What is required>
Your task is to transcribe exactly, and only, the lines running from the one with "1972 Black Chevrolet C-10" to the end of the listing below, inclusive, with every picture left out.

[[ Recorded information, beginning ]]

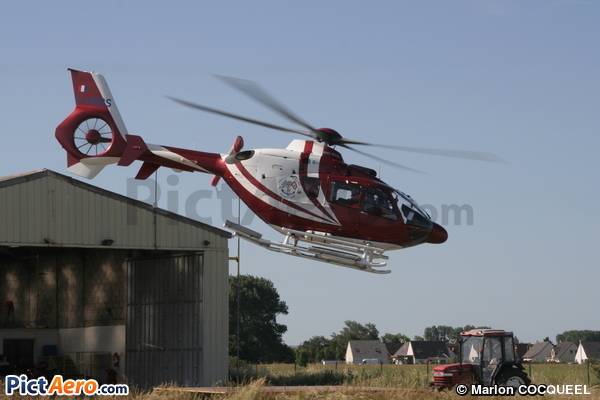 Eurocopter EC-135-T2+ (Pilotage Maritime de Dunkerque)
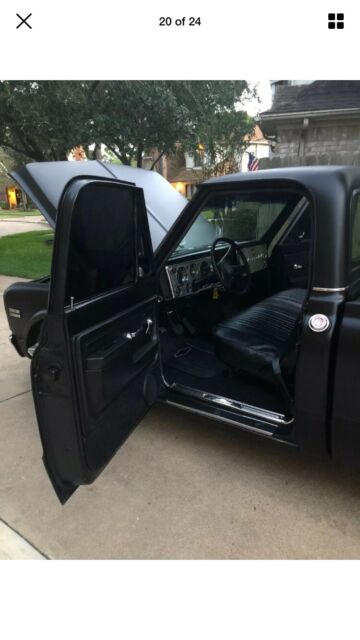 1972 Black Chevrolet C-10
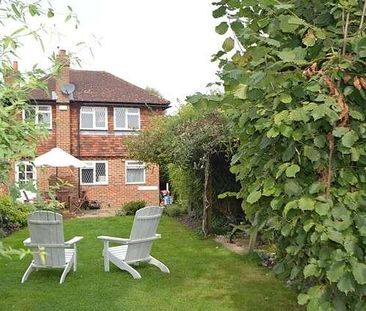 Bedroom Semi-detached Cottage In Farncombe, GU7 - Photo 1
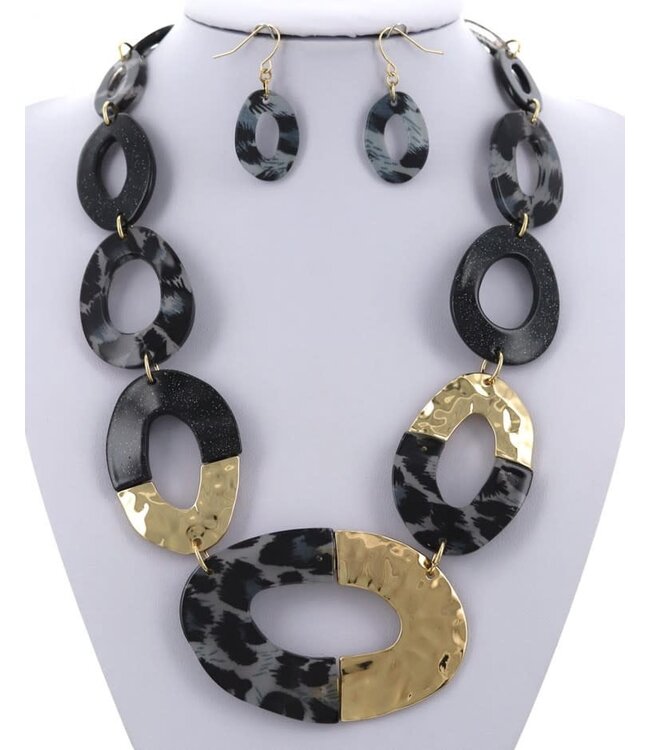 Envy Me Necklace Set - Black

[[ Recorded information, end ]]

Answer below>
 1972 Black Chevrolet C-10
 Bedroom Semi-detached Cottage In Farncombe, GU7 - Photo 1
 Envy Me Necklace Set - Black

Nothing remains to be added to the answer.